Speaking to Times Higher Education, Brian Nosek, professor of psychology at the University of Virginia and executive director of the COS, said that this outcome did not necessarily indicate that academics were willingly or knowingly submitting papers with poor-quality data sets to journals.

“I wouldn’t infer that researchers are submitting work that they know to be irreproducible,” he said. “The market reflects the price that the whole community puts on the likelihood of replication, but there is a lot of variability between individuals.”

It was also likely that a “shift in culture” meant that scientists who might once have been defensive about criticisms against their findings are becoming increasingly aware of potential problems with reproducibility of data and, thus, more open to public discussion than they might have been even just a few years ago.

“It may be that researchers themselves will sharpen their intuitions about the plausibility of results,” Nosek said. “When the culture was just rewarding finding the sexy result, regardless of its plausibility, there was little reason to consider whether it was reproducible.
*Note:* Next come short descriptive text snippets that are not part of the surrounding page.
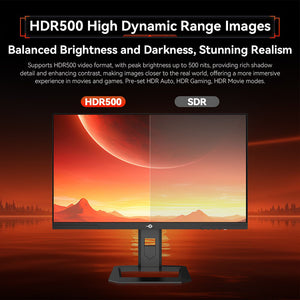 TITAN ARMY P2510S PLUS Gaming Monitor 24.5"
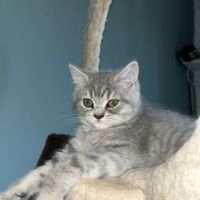 Chatons british shortair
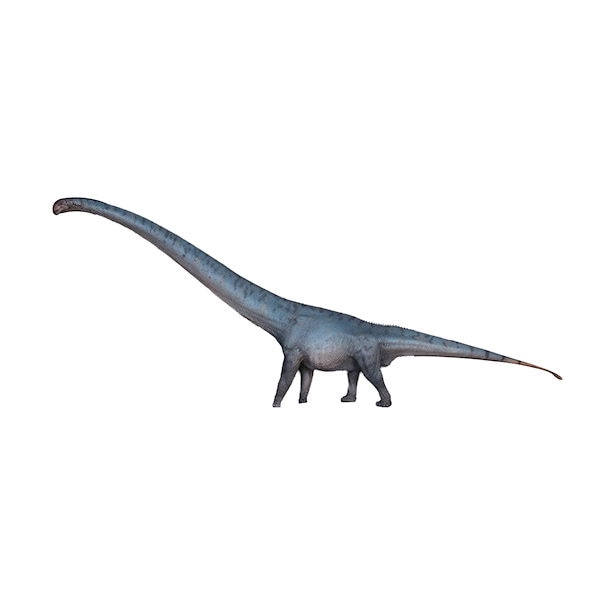 恐竜モデル グレー 約15cm Amazon.co.jp: 恐竜 羽毛ティラノサウルス ビニールモデル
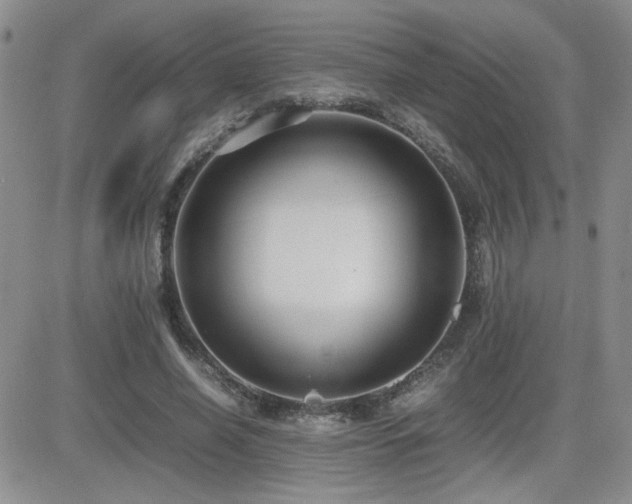 X0000081630638200701151426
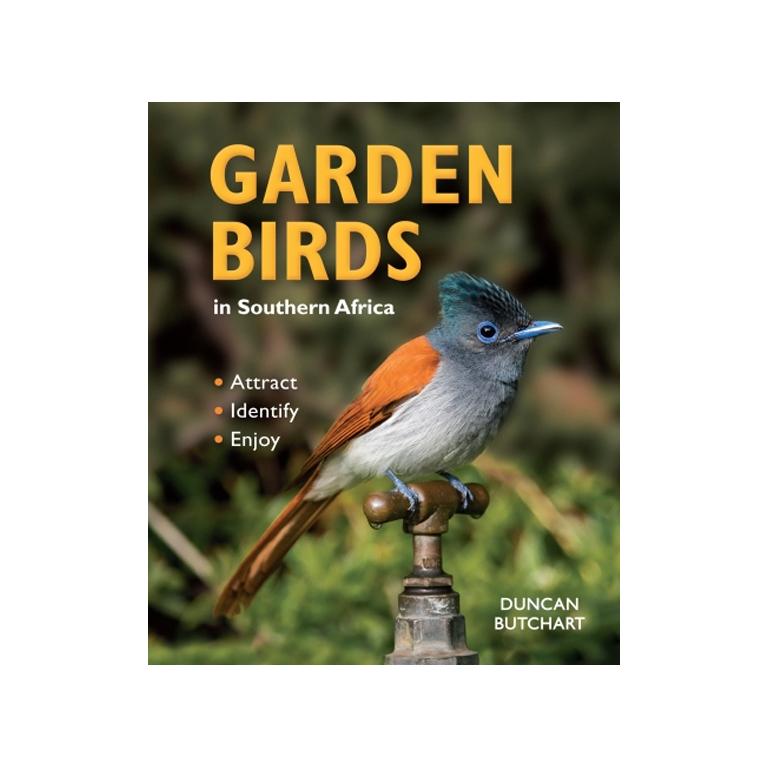 Garden Birds in Southern Africa-GARDENING.co.za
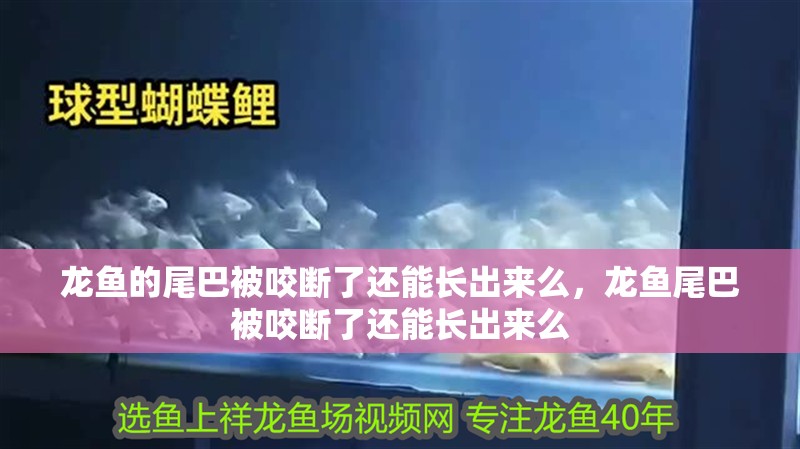 龍魚(yú)的尾巴被咬斷了還能長(zhǎng)出來(lái)么，龍魚(yú)尾巴被咬斷了還能長(zhǎng)出來(lái)么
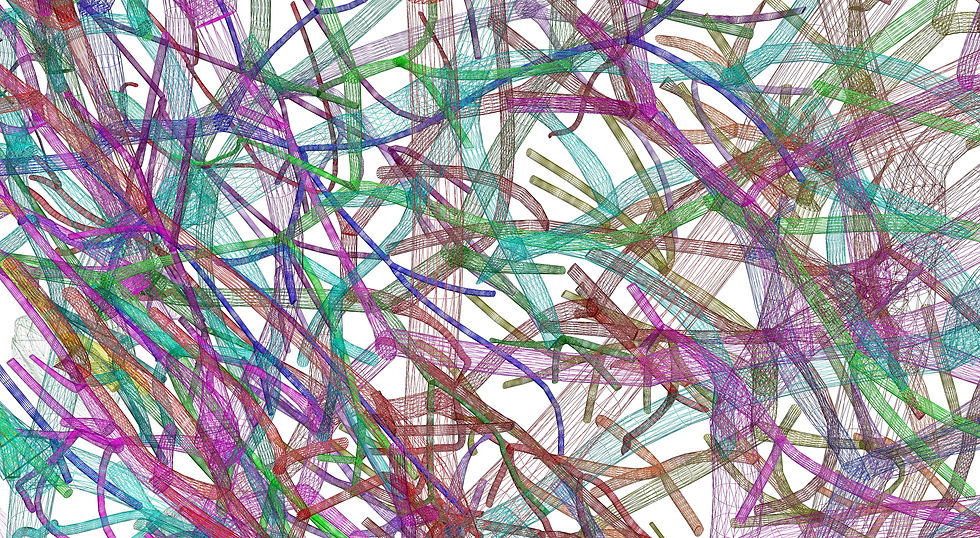 Branches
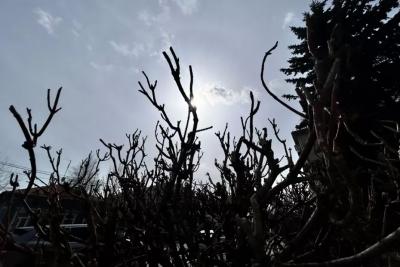 Народные приметы на родительскую субботу 22 февраля: кому блины принесут счастье и что испугает покойников в вашем доме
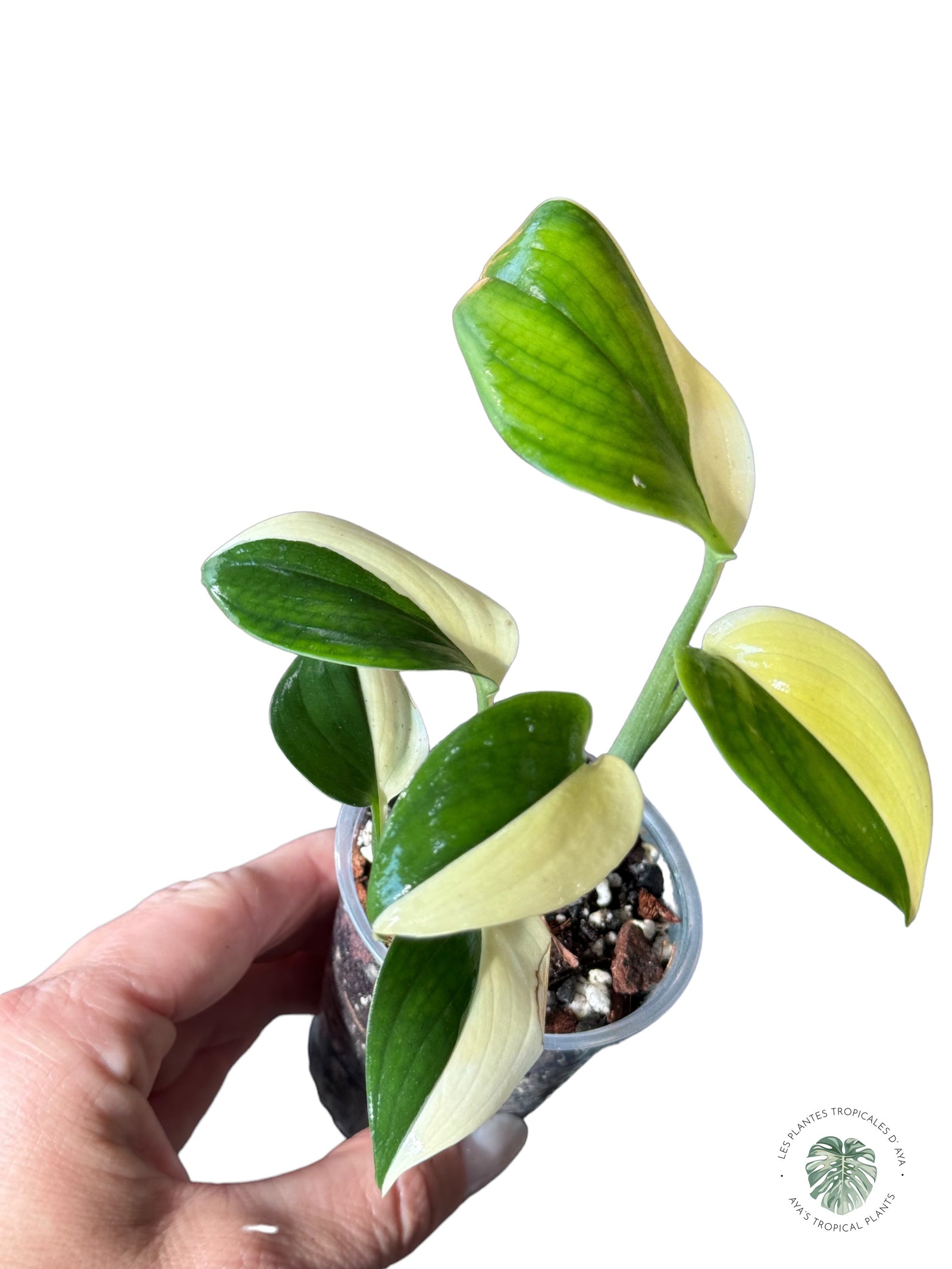 Philodendron Red Anderson JA100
That is one of the biggest benefits of the changing norms.”

This is not the first time that betting has been used as an indicator for the likelihood of results. A previous study published by the COS asked researchers to submit their predictions for the reproducibility of 44 studies published in prominent psychology journals.

Each researcher was given $100 to “trade” with, and a total of 2,496 transactions were carried out -- suggesting to researchers that prediction markets could be used as “decision markets” to help scientists prioritize which studies to attempt to replicate in the future.